Dark Data: Why What You Don’t Know Matters

I like data and I like books about data. Unsurprisingly, I found the book Dark Data: Why What You Don’t Know Matters interesting to read. The book is packed with fun and interesting examples of what data can and cannot tell us. For people who teach introductory statistics and are running low on examples, I can recommend consulting this book.

That being said, I have some issues with the book. While the book is about missing data, only a small part of the book deals with actual missing data (as defined by text books in statistics). This is not necessarily a problem but the book does not succeed in fully connecting the notion of dark data with the traditional understanding of missing data. The problem is that upon reading the book, most issues with data can be understood through the concept of dark data, including issues that have very little to do with data.

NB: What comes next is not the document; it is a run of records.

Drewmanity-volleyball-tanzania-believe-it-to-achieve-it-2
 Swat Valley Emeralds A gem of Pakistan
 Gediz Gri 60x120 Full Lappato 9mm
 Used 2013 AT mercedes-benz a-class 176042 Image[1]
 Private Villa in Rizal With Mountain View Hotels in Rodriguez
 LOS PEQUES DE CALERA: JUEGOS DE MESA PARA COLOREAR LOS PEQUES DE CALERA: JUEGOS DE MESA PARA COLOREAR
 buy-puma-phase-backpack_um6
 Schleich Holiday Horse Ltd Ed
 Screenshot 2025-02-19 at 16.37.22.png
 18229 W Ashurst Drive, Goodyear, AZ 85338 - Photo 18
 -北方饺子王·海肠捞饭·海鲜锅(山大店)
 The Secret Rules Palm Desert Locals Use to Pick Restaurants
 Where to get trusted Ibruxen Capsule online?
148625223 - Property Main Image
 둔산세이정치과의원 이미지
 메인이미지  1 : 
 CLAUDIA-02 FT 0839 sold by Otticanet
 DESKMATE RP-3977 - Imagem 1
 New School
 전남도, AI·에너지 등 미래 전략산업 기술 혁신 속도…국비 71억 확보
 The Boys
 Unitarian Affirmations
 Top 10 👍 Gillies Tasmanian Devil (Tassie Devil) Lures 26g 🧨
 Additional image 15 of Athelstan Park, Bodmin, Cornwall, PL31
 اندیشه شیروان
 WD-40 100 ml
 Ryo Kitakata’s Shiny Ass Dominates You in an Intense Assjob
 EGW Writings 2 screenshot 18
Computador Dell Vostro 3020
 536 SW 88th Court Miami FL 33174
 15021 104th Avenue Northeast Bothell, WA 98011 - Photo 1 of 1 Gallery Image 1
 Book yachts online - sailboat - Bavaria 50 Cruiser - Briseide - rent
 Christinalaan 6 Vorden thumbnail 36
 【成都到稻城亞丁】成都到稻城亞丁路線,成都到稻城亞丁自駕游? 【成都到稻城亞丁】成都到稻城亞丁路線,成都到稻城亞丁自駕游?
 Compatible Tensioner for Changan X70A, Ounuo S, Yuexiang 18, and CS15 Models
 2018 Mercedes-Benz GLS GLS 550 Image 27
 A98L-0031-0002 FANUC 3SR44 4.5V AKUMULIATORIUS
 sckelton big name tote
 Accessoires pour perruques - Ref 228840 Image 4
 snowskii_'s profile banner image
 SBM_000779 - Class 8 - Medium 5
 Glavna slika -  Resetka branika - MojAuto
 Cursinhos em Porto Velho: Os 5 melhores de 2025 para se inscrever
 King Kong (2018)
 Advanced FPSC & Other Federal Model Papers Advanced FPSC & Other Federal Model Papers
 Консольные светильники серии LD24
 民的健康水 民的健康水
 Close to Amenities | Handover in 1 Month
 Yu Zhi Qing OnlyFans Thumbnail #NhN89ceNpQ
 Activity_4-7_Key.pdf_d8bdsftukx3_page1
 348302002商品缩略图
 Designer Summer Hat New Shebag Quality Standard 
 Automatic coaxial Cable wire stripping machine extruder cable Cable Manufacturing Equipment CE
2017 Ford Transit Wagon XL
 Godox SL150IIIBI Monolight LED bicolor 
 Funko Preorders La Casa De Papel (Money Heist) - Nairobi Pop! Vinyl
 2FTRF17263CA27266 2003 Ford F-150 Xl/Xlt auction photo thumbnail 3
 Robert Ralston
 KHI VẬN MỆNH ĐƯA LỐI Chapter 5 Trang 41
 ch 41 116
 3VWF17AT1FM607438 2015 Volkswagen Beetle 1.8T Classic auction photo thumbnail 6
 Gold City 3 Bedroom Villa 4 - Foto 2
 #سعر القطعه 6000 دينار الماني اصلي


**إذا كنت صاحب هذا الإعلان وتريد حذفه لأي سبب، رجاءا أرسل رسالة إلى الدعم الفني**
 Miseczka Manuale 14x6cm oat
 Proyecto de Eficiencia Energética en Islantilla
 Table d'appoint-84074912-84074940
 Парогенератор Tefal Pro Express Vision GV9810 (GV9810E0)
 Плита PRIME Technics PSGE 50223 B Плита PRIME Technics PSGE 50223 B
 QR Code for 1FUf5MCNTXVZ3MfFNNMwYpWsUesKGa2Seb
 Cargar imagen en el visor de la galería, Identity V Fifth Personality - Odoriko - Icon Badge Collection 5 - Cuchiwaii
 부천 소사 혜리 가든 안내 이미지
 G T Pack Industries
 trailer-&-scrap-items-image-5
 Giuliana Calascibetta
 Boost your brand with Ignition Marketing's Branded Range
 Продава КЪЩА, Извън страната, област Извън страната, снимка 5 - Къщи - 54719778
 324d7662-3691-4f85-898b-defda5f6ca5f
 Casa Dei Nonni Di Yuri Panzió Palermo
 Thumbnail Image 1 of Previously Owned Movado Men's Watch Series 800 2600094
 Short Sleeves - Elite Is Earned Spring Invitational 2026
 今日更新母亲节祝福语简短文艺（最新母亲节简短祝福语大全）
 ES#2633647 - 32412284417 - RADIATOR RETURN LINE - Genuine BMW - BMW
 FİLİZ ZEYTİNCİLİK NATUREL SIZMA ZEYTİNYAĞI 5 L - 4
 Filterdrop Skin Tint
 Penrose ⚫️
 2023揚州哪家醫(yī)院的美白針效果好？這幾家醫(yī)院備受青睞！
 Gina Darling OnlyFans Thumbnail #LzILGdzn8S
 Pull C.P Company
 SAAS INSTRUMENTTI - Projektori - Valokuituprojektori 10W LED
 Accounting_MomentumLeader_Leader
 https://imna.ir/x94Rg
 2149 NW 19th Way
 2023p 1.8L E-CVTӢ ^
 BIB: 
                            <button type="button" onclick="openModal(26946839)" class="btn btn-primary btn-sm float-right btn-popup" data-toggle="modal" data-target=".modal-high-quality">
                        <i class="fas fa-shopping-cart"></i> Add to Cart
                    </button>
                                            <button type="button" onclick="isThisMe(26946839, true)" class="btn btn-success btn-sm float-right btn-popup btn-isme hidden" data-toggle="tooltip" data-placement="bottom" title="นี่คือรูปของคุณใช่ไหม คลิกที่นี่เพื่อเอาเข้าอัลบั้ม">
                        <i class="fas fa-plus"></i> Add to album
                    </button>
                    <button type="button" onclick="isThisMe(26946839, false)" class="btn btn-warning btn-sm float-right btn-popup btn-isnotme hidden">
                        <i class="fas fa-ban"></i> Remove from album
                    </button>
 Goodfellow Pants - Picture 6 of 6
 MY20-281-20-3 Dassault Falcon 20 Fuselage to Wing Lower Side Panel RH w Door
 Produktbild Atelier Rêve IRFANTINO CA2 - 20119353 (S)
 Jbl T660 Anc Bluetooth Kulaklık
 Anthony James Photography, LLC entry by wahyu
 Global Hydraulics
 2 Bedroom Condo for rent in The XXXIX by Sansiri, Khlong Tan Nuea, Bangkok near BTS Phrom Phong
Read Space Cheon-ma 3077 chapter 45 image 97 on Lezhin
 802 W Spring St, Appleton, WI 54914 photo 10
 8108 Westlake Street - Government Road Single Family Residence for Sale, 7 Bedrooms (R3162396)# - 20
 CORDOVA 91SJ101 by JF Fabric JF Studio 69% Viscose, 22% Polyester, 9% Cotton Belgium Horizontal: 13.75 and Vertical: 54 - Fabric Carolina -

To understand different types of dark data, the book operates with a list of 15 different types of dark data (DD):

  1. Data We Know Are Missing
  2. Data We Don’t Know Are Missing
  3. Choosing Just Some Cases
  4. Self-Selection
  5. Missing What Matters
  6. Data Which Might Have Been
  7. Changes with Time
  8. Definitions of Data
  9. Summaries of Data
  10. Measurement Error and Uncertainty
  11. Feedback and Gaming
  12. Information Asymmetry
  13. Intentionally Darkened Data
  14. Fabricated and Synthetic Data
  15. Extrapolating beyond Your Data

If you look at the list and think that these types of dark data are not mutually exclusive, it is because these types of dark data are not mutually exclusive. Accordingly, the list does not add up and does not provide a unified framework to help the reader understand the various characteristics of dark data. To make matters worse, the overview of different types of dark data is not used to provide structure to the book or the chapters. On the contrary, the various types of dark data is introduced at various places in non-chronological order and some are used multiple times and in relation to other types of dark data. I guess this is to help the reader and show the complexities with the different types of dark data, but it is not working.

The reason I believe the book serves as a good introduction to various topics in statistics is that it uses several examples that you find in introductory statistics books, including the Simpson’s paradox, regression towards the mean, correlation and causation and measurement validity. Dark Data 9 (Summaries of Data), for example, is about how the average can hide important information (that’s as introductory as it gets).

The book is good at providing several great examples but does rarely focus on the actual solutions or potential tools that can help us work with “dark data” (except the awareness of such issues). While the book describes the different types of missing data (missing completely at random, missing at random and not missing at random), there is very little information on how to maximize the information we have available and minimize bias in relation to the different issues we encounter when working with “dark data”. I know it’s not the point of the book to deal with listwise deletion, imputation etc., but I would have liked to see the book deal a little more with the statistics of missing data.

In sum, it’s an OK book. If you are already familiar with the concepts above, you don’t need to read the book. However, if you have no to little experience with statistics, this book might serve as a good primer on several problems and issues we encounter when we use and analyse data.